One of the main premises of the book is that parents often unconsciously feed their child’s negative behaviors, and that if you could just keep from nagging and lecturing and carrying on about everything, and instead teach your children what they need to know to be independent (in age appropriate ways), you’d have a more peaceful house and a more respectful and resourceful kid.
The book includes topics such as:
- How to get kids to take ownership of their routines
- How to minimize fighting and nagging
- How to define a family vision and put it in action
- How to build stronger family relationships
- What sorts of tasks and jobs are appropriate for different ages of kids (laundry, cooking, etc)
- How to make your mornings, bed times, and other pressure points calmer and easier
I don’t necessarily agree with all of the ideas in the book, but overall I found it to be excellent food for thought, and a good impetus to re-evaluate some of my parenting decisions and goals.
I may have mentioned before that having four children, homeschooling, and working is proving to be an interesting exercise.

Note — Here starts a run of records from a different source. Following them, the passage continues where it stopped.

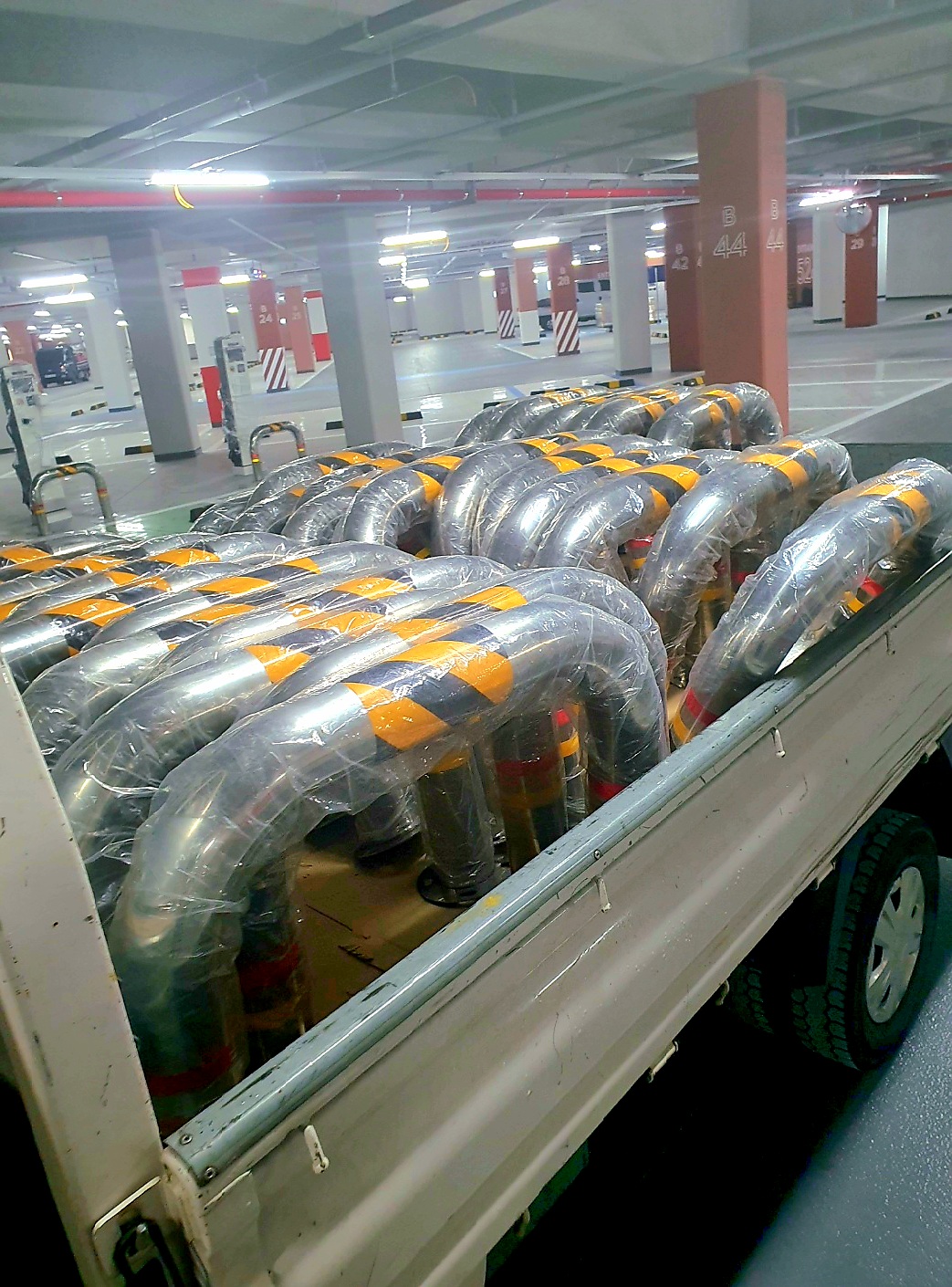 스텐볼라드는-맞춤형으로-제작합니다.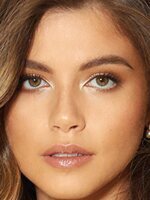 Foto de Isidora Vives, actriz de ¿Quieres ser mi novia?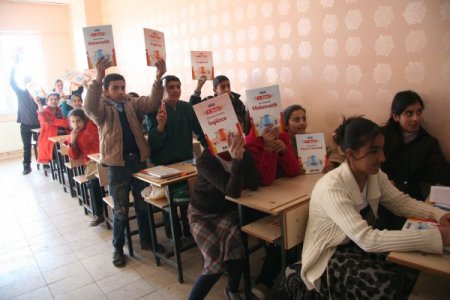 İş Adamları Derneği Şırnaklı Öğrencilere Kitap Dağıttı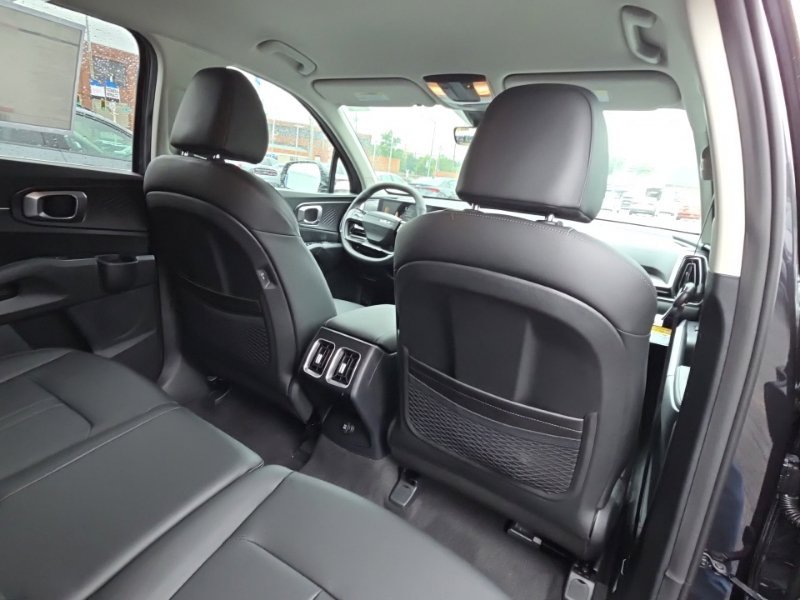 New 2026 Kia Sorento S AWD/4WD image 17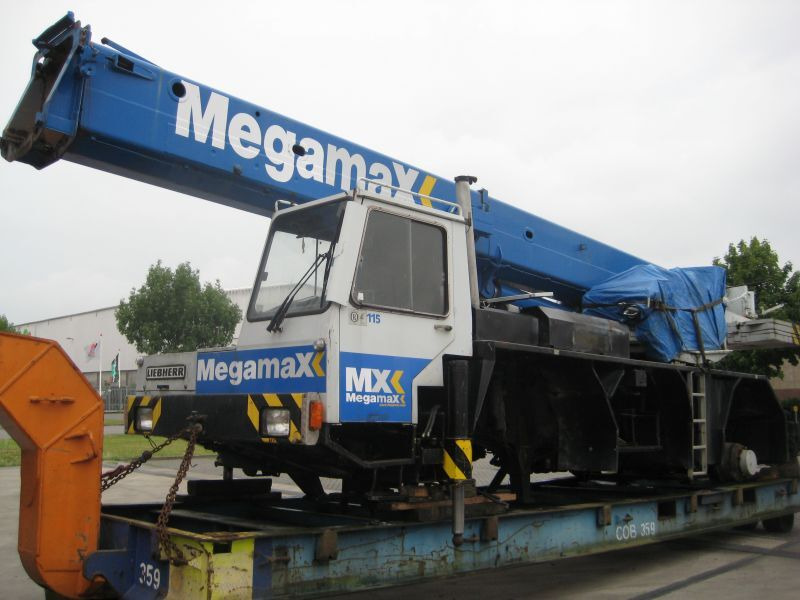 Liebherr LTM 1035-3. for parts - Autoceltnis: foto 1 Liebherr LTM 1035-3. for parts - Autoceltnis: foto 1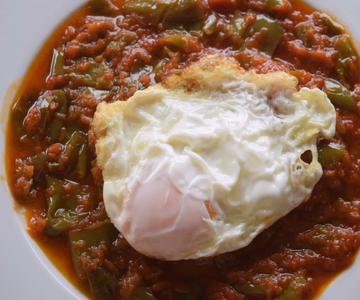 Tomate frito con Pimientos, Pisto Manchego | Receta Tradicional Rápida y Saludable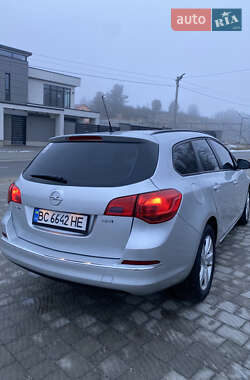 Універсал Opel Astra 2013 в Львові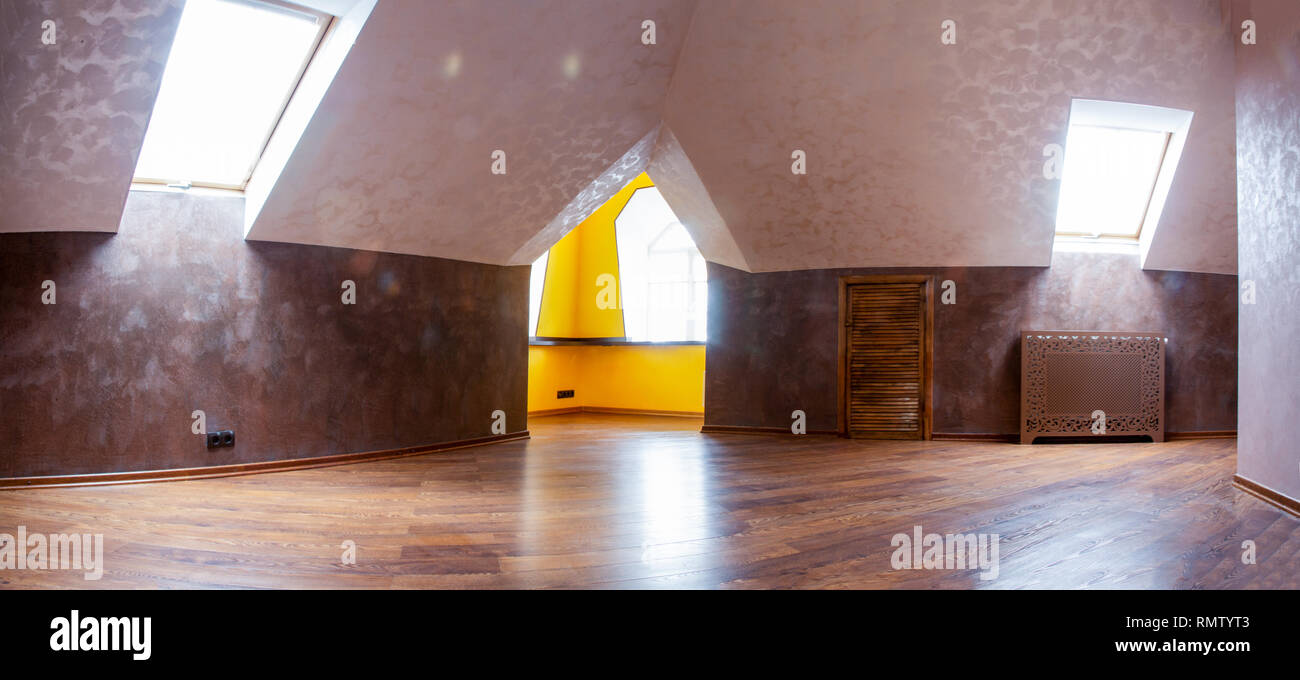 Leere neue Zimmer im modernen Haus mit Mansarde windows Stockfoto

What I’m finding more and more is that micromanaging, helicoptering, and supermomming are even less of an option now than they ever were. I mean, it’s just not humanly possible for me to do it all, and I’m glad because that’s not the way I want to live and parent anyway.
That said, I’ve also found that just up and dropping everything is not a super effective way to live either. Reading Duct Tape Parenting gave me some great tools and ideas for how to transfer responsibilities to my kids calmly and smoothly so that the chaos and cacophany don’t bring the house down around our ears.
If you’re a parent and plan to get your kid out of your house and living independently at some point, I’d highly recommend Duct Tape Parenting. I think you could tailor it to a wide variety of parenting styles and philosophies, as well as to different family dynamics and ages of children.